If you want to teach math, a degree in mathematics is an option. A Bachelor of Science in Mathematics will cover higher-level math skills, but a bachelor of arts (BA) may be even better for teaching. A BA in Mathematics goes into the philosophy and reasoning behind math skills, helping future teachers understand math in a way that will make it easier for them to explain difficult concepts to students.

Humanities Degrees

Humanities degrees provide undergraduates with an understanding of different cultures and promote the development of critical thinking, problem solving and communication skills. These versatile competencies are ideal for educators planning to become certified to teach social studies, language arts or a foreign language. For example, as a social studies teacher, you could be asked to teach on a range of topics, from U.S. history or U.S. government to ancient civilizations.
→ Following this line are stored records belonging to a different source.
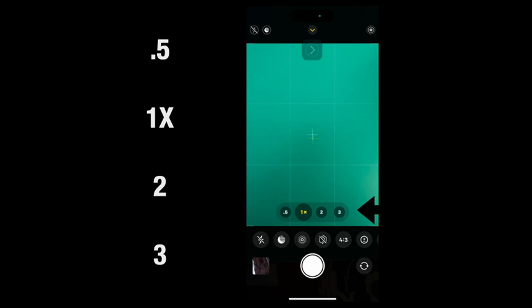The Pro models have three lenses: a wide angle, an ultra-wide angle, and a telephoto. I'm going to show you examples of each.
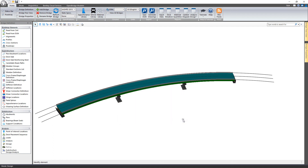Thank you for watching this video on LeapBridge Steel version 17 update 1 enhancements.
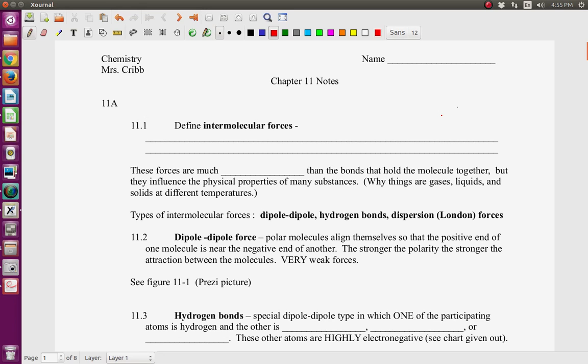Hi, this is Mrs. Cribb, and this is a lecture on chapter 11a and most of chapter 11b for your class. You need to pull out your notes for this, and we're going to get started.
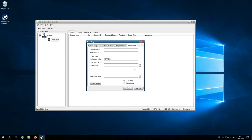You can select a product logo of your choice and also a background image — the background image will be the image on the back of the web browser itself. This can be scaled or centered depending on what you want, and then you can click restore defaults to put it back to how it was out of the box with the GoGlobal brand.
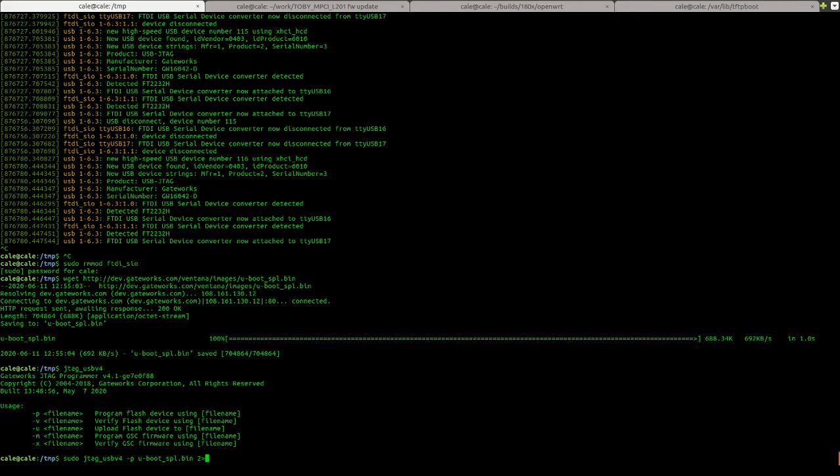You don't have to do this, but I like to redirect error to null.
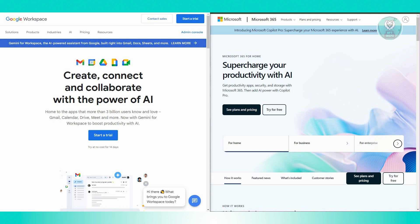For collaboration, Google Workspace is renowned for its robust real-time collaboration features, enabling multiple users to work simultaneously on documents, spreadsheets, and presentations. Microsoft 365 also excels in collaboration through Microsoft Teams, facilitating chat, file sharing, and real-time co-authoring. Historically, Google Workspace has been perceived as slightly more seamless in this aspect.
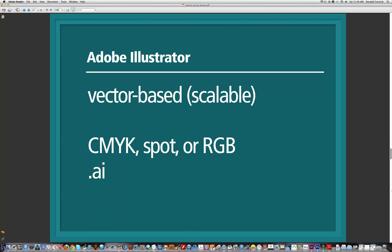Illustrator is vector-based, not pixel-based, which means it's scalable. In Adobe Illustrator we can use any of these color modes: cyan, magenta, yellow, and black; spot color or Pantone color; and RGB color. When it comes to Illustrator files, the file format we use is .ai, which stands for Adobe Illustrator. We save our Illustrator files in this native file format.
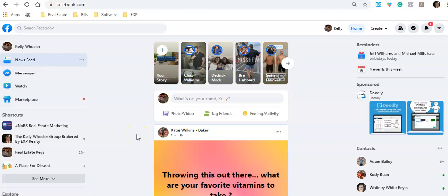Hey guys, Kelly here. I want to share a really incredible tool that Facebook just released. This is for those of you struggling with how to create an ad — you've seen my videos, you've seen other people go over how to do a Facebook ad, and you're just overwhelmed. Facebook has learned and heard, and they have made creating an ad so simple. Literally within a couple of minutes you can have your ad launched, and you don't have to be a techie genius to do it.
An undergraduate degree in history or anthropology will not only provide you with the facts you need to understand these courses, but will give you an understanding of how the events of a particular time period are connected to the history of a group of people, a particular country and the world as a whole.

Those seeking to teach language arts will benefit from earning an English degree. Becoming an English teacher is about more than just reading and writing; it involves learning to communicate in unique ways and analyze texts to understand their deeper meanings. Taking higher level English courses will help you build the critical and higher order thinking skills that will serve you well in a master’s degree program and when they enter the teaching profession.

Human Development

While content is an important component of teaching, understanding students and helping them grow and develop is also critical. Teachers who prefer to work at the elementary level may benefit from pursuing a degree in human development, child development or family studies. These degrees provide future teachers with the opportunity to learn about how children grow and to develop strategies for handling the challenges faced by elementary school educators.

Benefitting from an Undergraduate Degree

Whatever you aspire to teach, getting an undergraduate degree in an area other than education can help you become proficient in your subject matter, making you more desirable when it comes to being hired as a teacher. In-depth knowledge of your subject area will also serve you in the classroom as you design lesson plans and think of unique ways to help students access course material. Pursuing an undergraduate degree in an area other than teaching can also lead to opportunities for positions outside the classroom, such as curriculum design or educational policy.